Heck, that’s his hometown, the city where his father Archie played and still lives. If the Colts weren’t trying to win a title of their own, Manning would’ve been the Saints’ biggest fan. He was certainly happy when they beat Minnesota in an overtime thriller to earn their first trip to the Super Bowl, a game that Manning won three years ago.
“The Saint were my team growing up,” he said. “I was really excited for New Orleans, watching them win that game against the Vikings. It was exciting to see the French Quarter empty in the third quarter and then be packed after the game. I had a lot of friends down there tell me what it was like.”
Manning said he also appreciates the history of the Colts, dating back to their days in Baltimore. In fact, one of his father’s favorite players was Hall of Fame quarterback Johnny Unitas (the other: Mickey Mantle).
“I understand the significance of Unitas,” Manning said. “I still feel that connection to Colts history.”
Not long after being drafted by Indianapolis, Manning met Saints quarterback Drew Brees, who was then playing at right-down-the-road Purdue.
“He came to see a Colts game,” said Manning, who then quickly pointed out that Brees “paid for his ticket. Everything was on the up-and-up,” apparently in case the NCAA was listening.
Manning didn’t get any offbeat questions, but that didn’t stop him from trying to add a little levity to the proceedings.
“No, I’m not superstitious,” he said. “I’m just a little ‘stitious. OK, that’s a bad joke. Eli gave me that one. I take it back.”
Later, when another reporter broached the same subject, Manning was more revealing. He doesn’t carry around a rabbit’s foot, but he does have a routine he goes through before every game. When he first gets to the stadium, he reads the game program from front to back. Then, exactly two hours before kickoff, he goes out to the field to throw a few balls with receiver Reggie Wayne.
Manning shied away from any questions that might have turned controversial.

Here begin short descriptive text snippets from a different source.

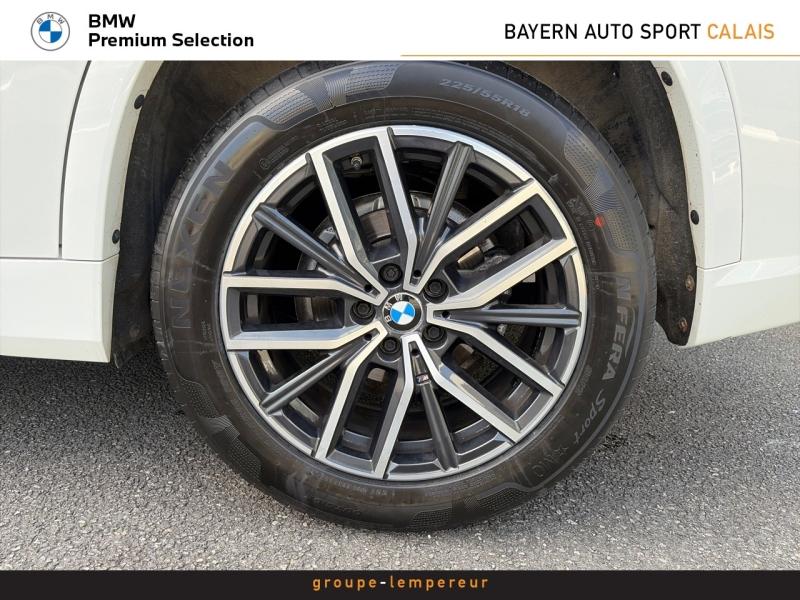Image BMW X1 sDrive18d 150ch M Sport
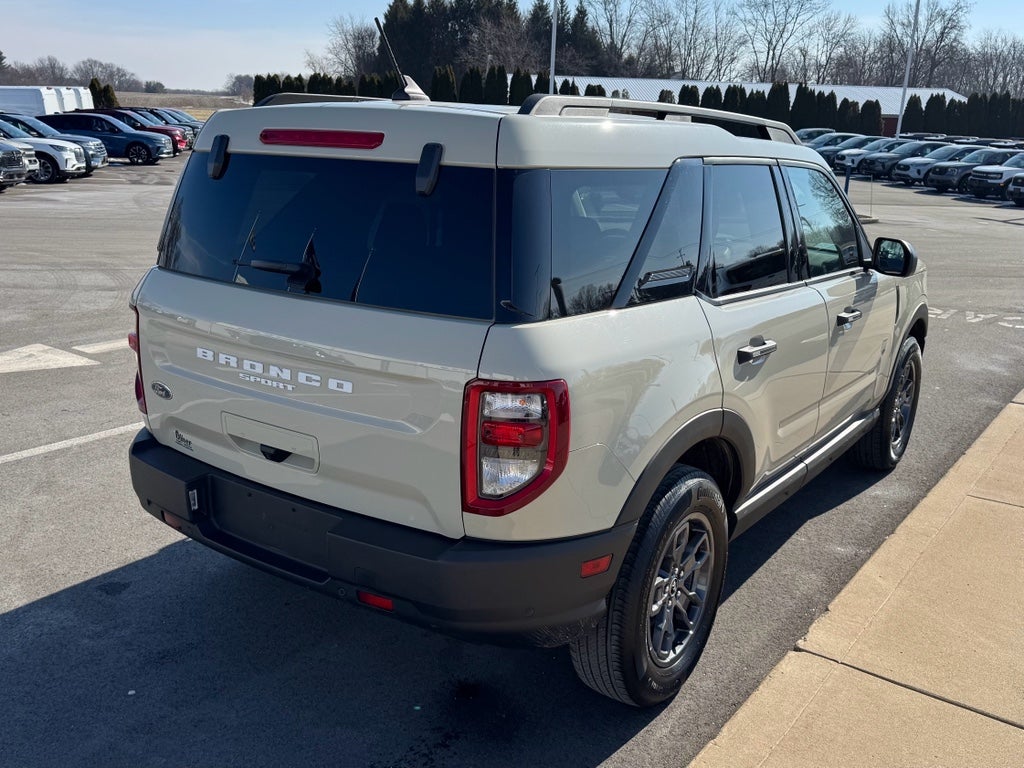 2024 Ford Bronco Sport Big Bend 4WD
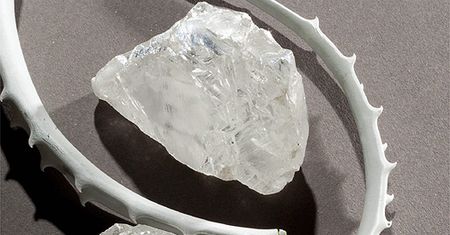 Gigantyczny diament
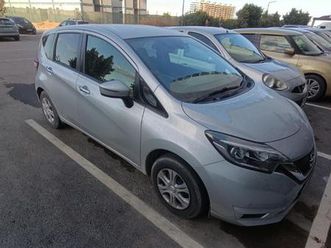 2021 model otomatik nissan note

For instance, when asked about Lane Kiffin bolting from Manning’s alma mater, Tennessee, to take the coaching job at USC, the quarterback replied, “I’m looking forward when it comes to the situation in Knoxville. I just want to wish the best to coach Dooley,” referring to Kiffin’s successor Derek Dooley.
On other subjects, Manning said:
– He misses former NFL quarterback Steve McNair, who was slain last summer by his mistress in what was ruled a murder-suicide. “There was no tougher player in the NFL than Steve McNair. I’m really proud to have shared the MVP award with him in 2003.”

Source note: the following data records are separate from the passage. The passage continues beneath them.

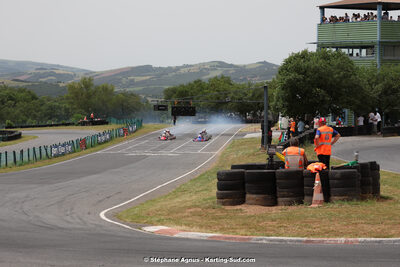 08 & 09/06/2024 : IAME Series France au circuit Karting Plus à Belmont sur Rance (photos Stéphane Agnus) 2024 — karting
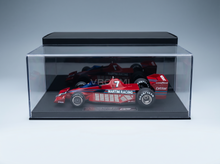BRABHAM | F1 BT46 ALFA ROMEO PROTOTYPE MARTINI RACING N 7 TEST VERSION 1977 JOHN WATSON - CON VETRINA - WITH SHOWCASE Vroomi Scale model cars Shop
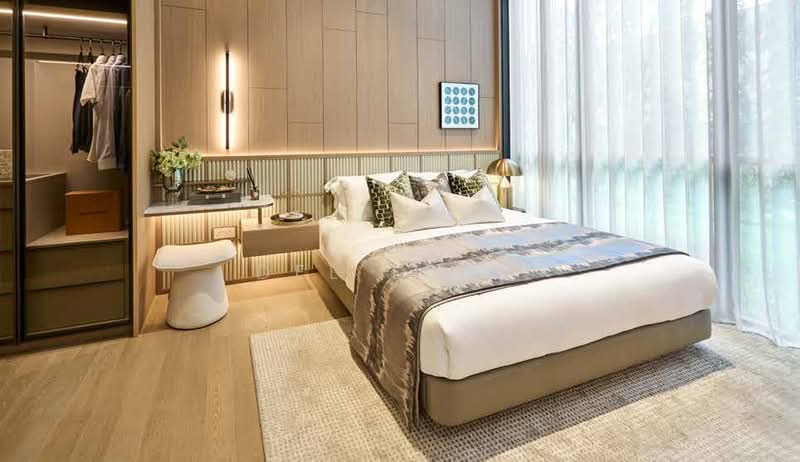 8@BT, 6 Bukit Timah Link, 2 Bedrooms, 624 sqft, Condominium For Sale, by Del Leow, 500227890 - Bedroom - PropertyGuru.com.sg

– The Colts will try to establish their ground game Sunday, even though they ranked last in the NFL in rushing yards during the regular season. “I don’t think you can just drop back and pass on every single play.”
– He believes the league is sincere in its efforts to deal with concussions. “I appreciate what the NFL is trying to do. The game is about being tough, but it’s about being smart as well.”
– The Florida quarterback who’s getting mixed reviews from NFL scouts will do better in the pros than many are expecting. “Any NFL team would be lucky to have Tim Tebow. I think about all the problems we’ve had on third-and-1 and fourth-and-1. He was probably 100 percent in his college career at converting those.”
– It’s too early for him to assess the impact of his career, even though he’s been in the league for a dozen seasons and is one win away from joining the elite group of quarterbacks who led teams to more than one Super Bowl title. “When my career is over, I’ll look back and reflect. But it’s so year-to-year right now.”
During his hour-long session, Manning took just under 80 questions and was often surrounded by up to 100 reporters, photographers and cameramen – all crammed into an area not much bigger than the hotel rooms most fans are staying in this week.
Not surprisingly, putting that many people into such a confined space can cause tensions to rise. Police had to be called to settle a dispute between two media members who jostled for prime real estate even before Manning arrived. But everyone came to an uneasy truce.